What are Mutual Funds in India

Mutual Funds are constituted as trust in India. Mutual fund is a financial instrument which pools the savings of a number of investors and may invest them in different financial securities like stocks, bonds, debentures, money market instruments and Government Securities etc. or a combination of these. These securities are professionally managed by a fund manager on behalf of the unit holders and each investor holds a pro-rata share of the portfolio, that is, entitled to profits as well as losses. Each investor in a mutual fund scheme owns units of the fund, which represents a portion of his holdings of that mutual fund scheme. Profits made or income earned through these investments and the capital appreciation realized is shared by the scheme unit holders in proportion to the number of units owned by each one of them.

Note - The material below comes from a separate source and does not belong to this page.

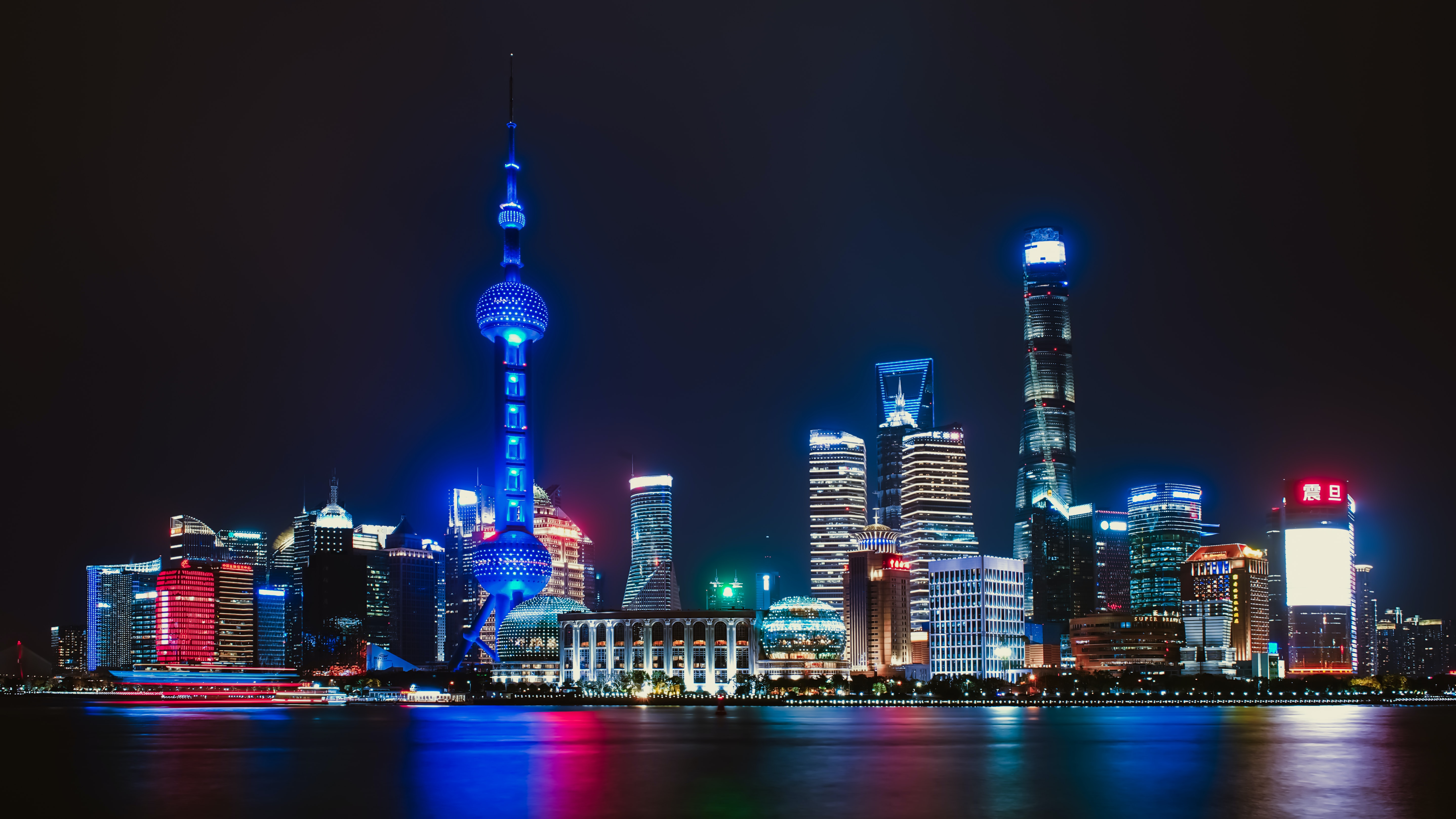Shanghai skyline at night with Oriental Pearl Tower HD Wallpaper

Thus a mutual fund is the most suitable investment instrument for common savers or investors as it offers an opportunity to invest in a diversified, professionally managed portfolio of securities at a relatively lower cost.

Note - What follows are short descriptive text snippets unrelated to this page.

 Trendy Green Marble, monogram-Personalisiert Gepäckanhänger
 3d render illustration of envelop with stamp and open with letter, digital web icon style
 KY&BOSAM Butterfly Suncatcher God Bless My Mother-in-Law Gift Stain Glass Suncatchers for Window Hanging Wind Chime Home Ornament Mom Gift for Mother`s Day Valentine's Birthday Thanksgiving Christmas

Let us understand this with the help of an example – Suppose, Anupam invests Rs 100,000 in a mutual fund scheme. If the price of a unit of the scheme is Rs 10, then the mutual fund house will allot him 10,000 units. A unit represents percentage ownership of the total pool of money managed in the scheme. Mutual fund units are priced at Rs 10 at the time of launch of the scheme during the new fund offer or NFO and its price fluctuates with change in value of the underlying assets held in the scheme portfolio post closure of equity and bond markets on a daily basis.

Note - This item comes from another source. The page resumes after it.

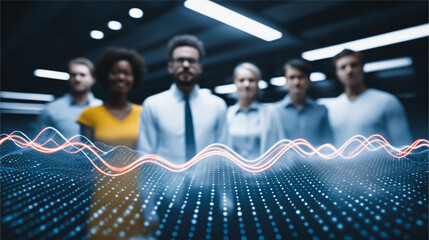Diverse Business Team with Futuristic Data Waveform Visualization, AI and Big Data Concept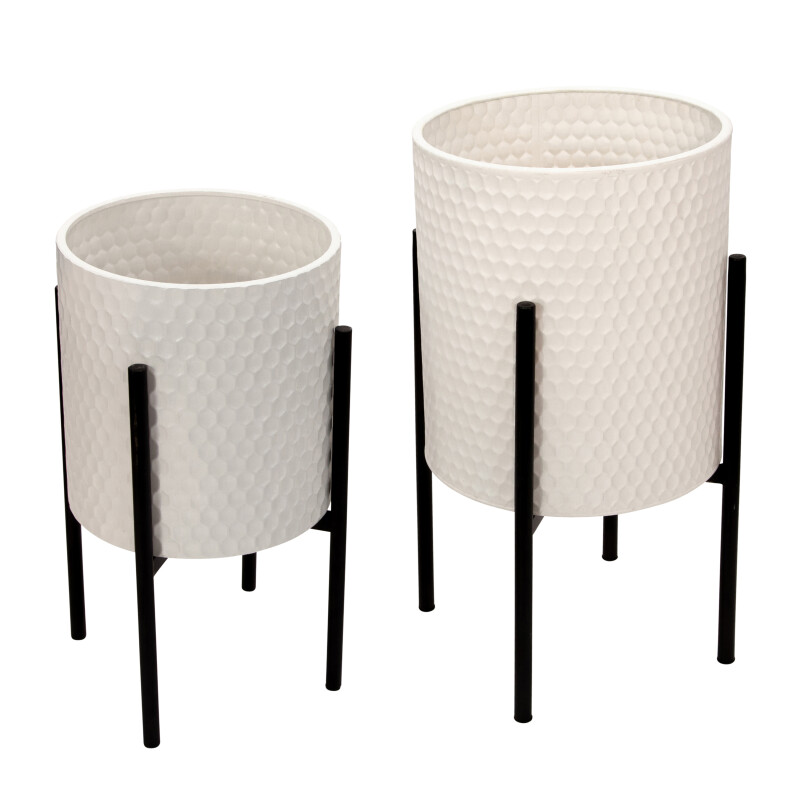 12629-10 Honeycomb Planter On Metalstand White/Blk - Set Of Two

Let us assume the total money invested in the mutual fund scheme by all the investors including Anupam is Rs 100 Crores. The mutual fund scheme invests the money to buy stocks and other securities as mandated in the scheme offer document. Then, each unit will represent 0.000001% of all the stocks and securities that the mutual fund scheme has in its portfolio. As Anupam has 10,000 units, then his portion of the mutual fund unit holdings will be 0.01%. As the value of securities held by the scheme in its portfolio increases or decreases, so will the price of the units (NAV). For example - If the total value of holdings increases from Rs 100 Crores to Rs 120 Crores assuming no new units has been issued, the per unit price or NAV will be Rs 12 (0.000001% X 120 Crores). Please note that the percentage ownership of the units of the scheme represented by Anupam and other unit holders will change from time to time as new investors may invest in the scheme and / or existing investors may redeem from it.

How do mutual funds work in India

The Mutual funds are set up as trust and following is the structure of a typical Mutual fund -

Sponsor: Sponsor is the corporate body, which establishes a mutual fund. The sponsor must contribute at least 40% of the net worth of the investment managed and meet the eligibility criteria prescribed under the Securities and Exchange Board of India (SEBI)Mutual Funds Regulations, 1996.The sponsor is not responsible or liable for any loss or shortfall resulting from the operation of the schemes beyond the initial contribution made by it towards setting up of the mutual fund Trust

Trust: The mutual fund is constituted as a trust in accordance with the provisions of the Indian Trusts Act, 1882 by the sponsor. The trust deed is registered under the Indian Registration Act, 1908.

Trustee: Trustee is usually a company (corporate body) or a Board of Trustees (body of individuals). The main responsibility of the trustee is to safeguard the interest of the unit holders. Trusttes ensure that the Asset Management Company (AMC) functions always in the interest of the investors of the schemes and in accordance with the various guidelines given by Securities and Exchange Board of India (SEBI), the provisions of the trust deed and the offer documents of the respective schemes. At least 2/3rd of the directors of the Trustee should be independent directors who are not associated with the sponsor in any manner whatsoever.

Asset Management Company (AMC): The trustee, as the investment manager of the mutual fund, appoints the Asset Management Company or the AMC. The AMC is required to be approved by the Securities and Exchange Board of India (SEBI) to act as an asset management company of the Mutual fund. At least 50% of the directors of the AMC should be independent directors who are not associated with the sponsor in any manner whatsoever. The AMC must have a net worth of at least Rs. 50 Crore at all times. The required net worth was earlier Rs 10 Crores but the same was revised to Rs 50 Crores by SEBI in February 2014. All the AMCs were given 3 year time to adhere to this.

Custodian: Custodians are a trust company, bank or similar financial institution who are registered with SEBI and is responsible for holding and safeguarding the securities owned within a mutual fund.

Registrar and Transfer Agent: The AMC appoints the registrar and transfer agent (R&T) to the mutual fund schemes. The R&T agents process the application form, redemption requests and dispatches account statements to the unit holders. The R&T agents also handle communication with investors, do scheme accounting and updates investor records.